### Captioned web images
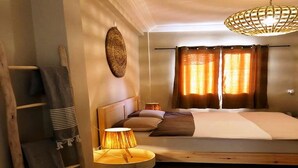 A bedroom with a bed, a bedside table with a lamp, a hanging light fixture, and a window with curtains.
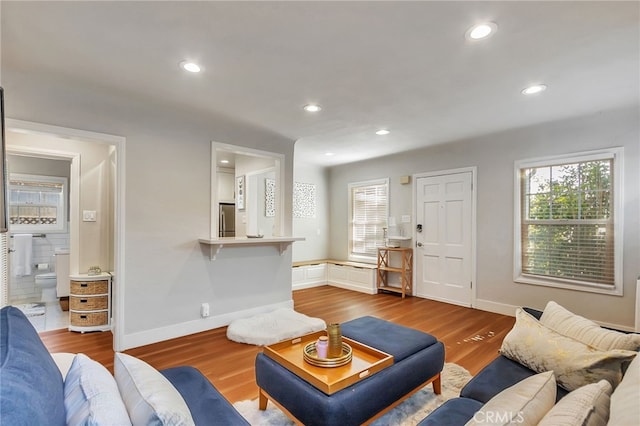 1012 S 11th St, San Jose, CA 95112 - living area featuring wood finished floors, plenty of natural light, recessed lighting, and baseboards
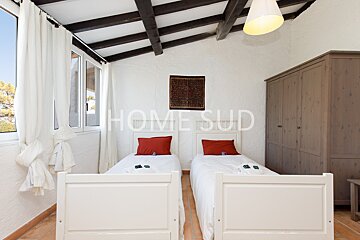 A bedroom with two beds and a sign that says home sud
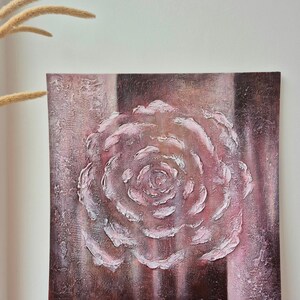 May include: A square canvas artwork depicting a textured rose in shades of pink and white, set against a textured, dark burgundy backdrop. The artist's signature, "TashaBeSpoke", is visible. The piece is a floral-themed artwork.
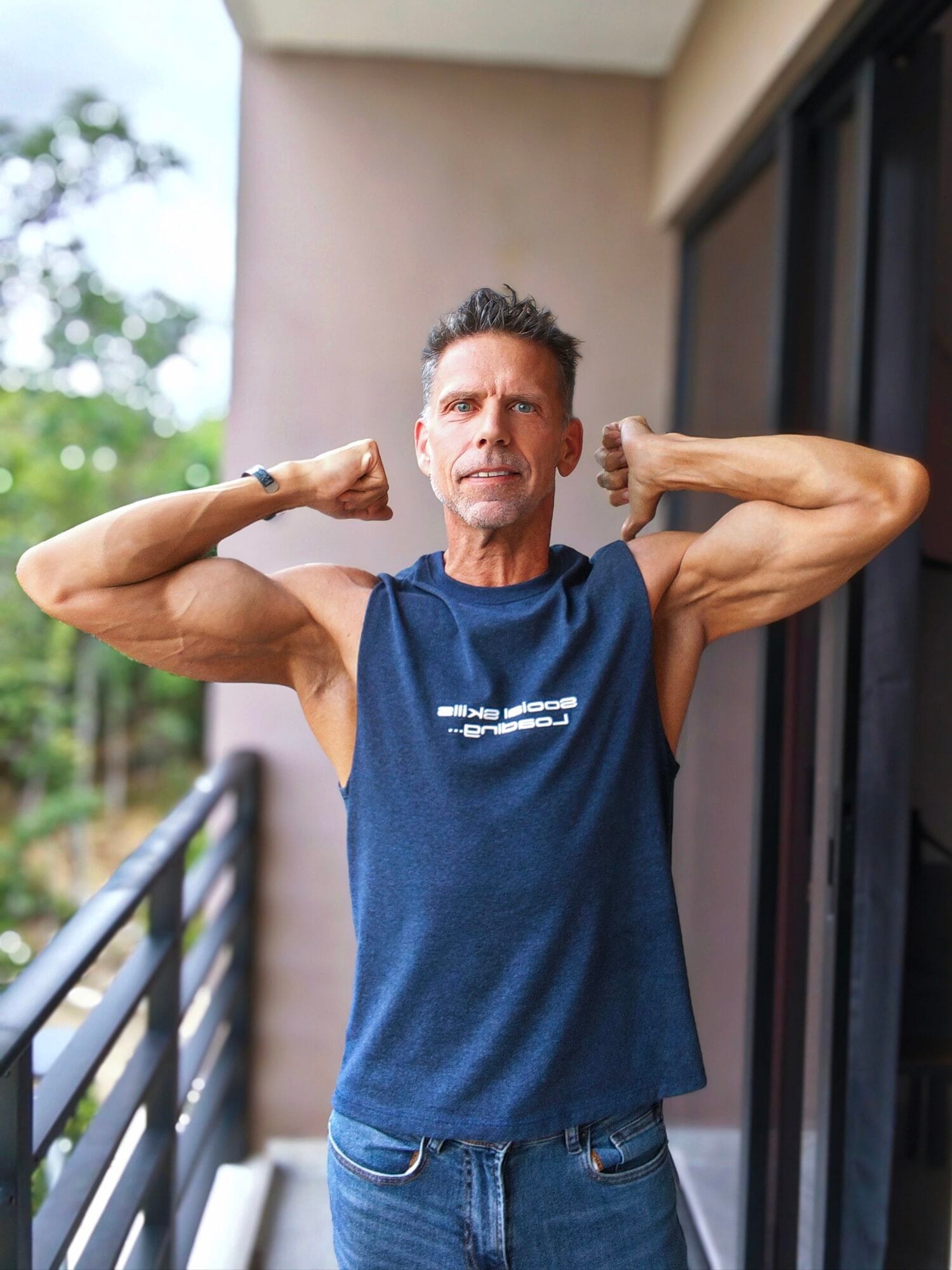 Eric standing on patio flexing and smiling with sleeveless blue shirt.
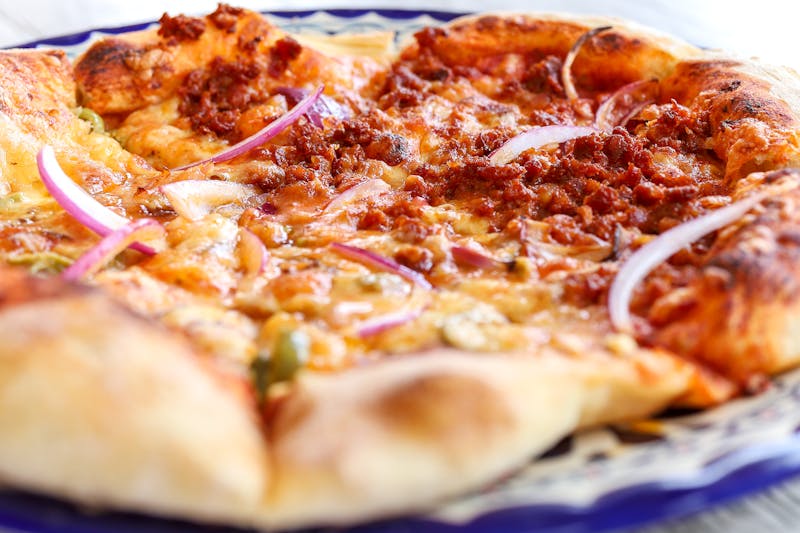 BBQ chicken pizza with red onions and cilantro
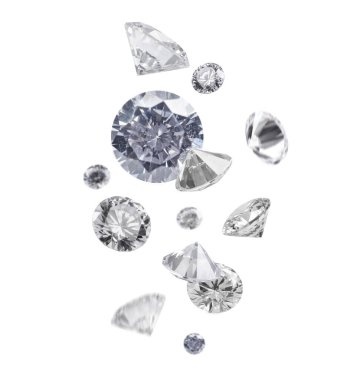 Beyaz arka planda havada parlayan güzel elmaslar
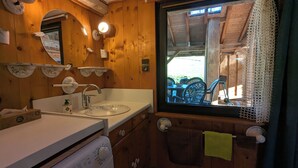 A wooden cabin bathroom with a sink, mirror, and window overlooking an outdoor area. - La Mignonne, Vosges mountains, private spa 8 people near Gérardmer (Laveline-du-Houx)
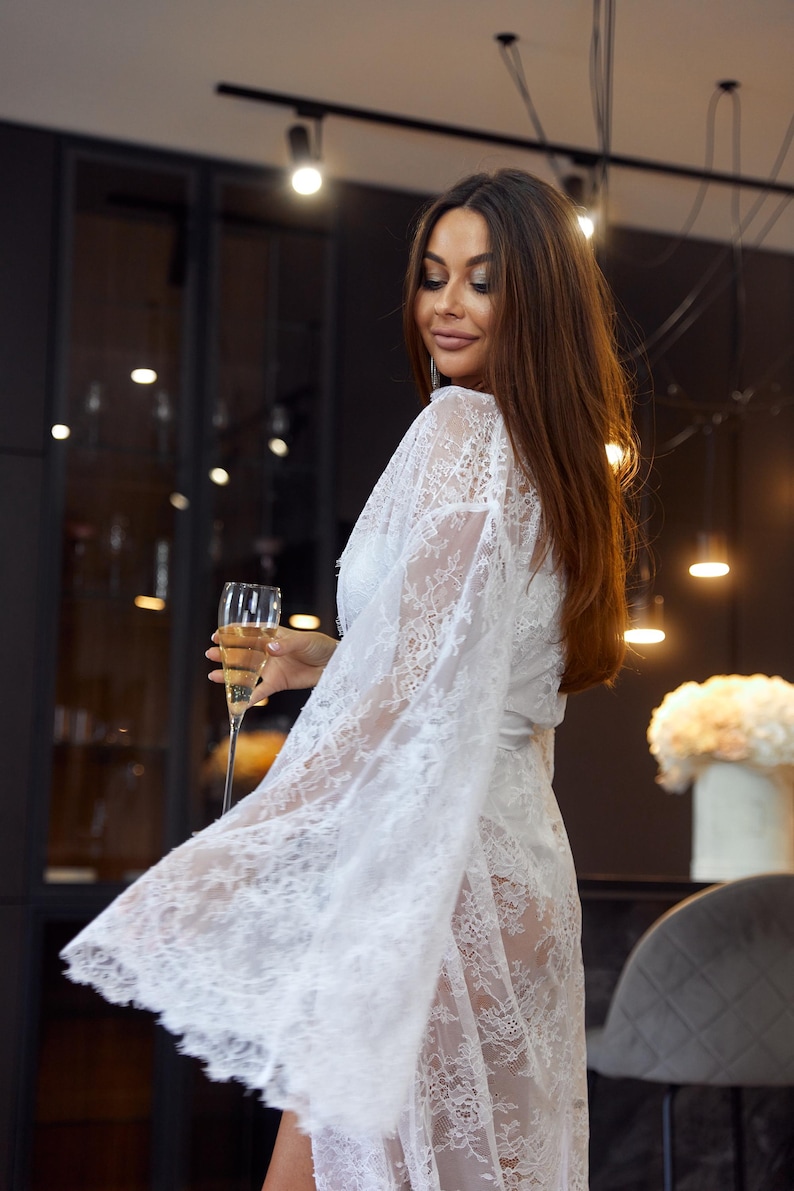 May include: A white lace robe with long sleeves. The robe is worn with a matching white outfit and a glass of champagne. The background is a dark room with soft lighting.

### EXERCISE GOAL
Where the line containing "A wooden cabin" appears in the entries above, start there and set down every line exactly through the last one, inclusive; omit pictures.

### TASK OUTPUT
 A wooden cabin bathroom with a sink, mirror, and window overlooking an outdoor area. - La Mignonne, Vosges mountains, private spa 8 people near Gérardmer (Laveline-du-Houx)
 May include: A white lace robe with long sleeves. The robe is worn with a matching white outfit and a glass of champagne. The background is a dark room with soft lighting.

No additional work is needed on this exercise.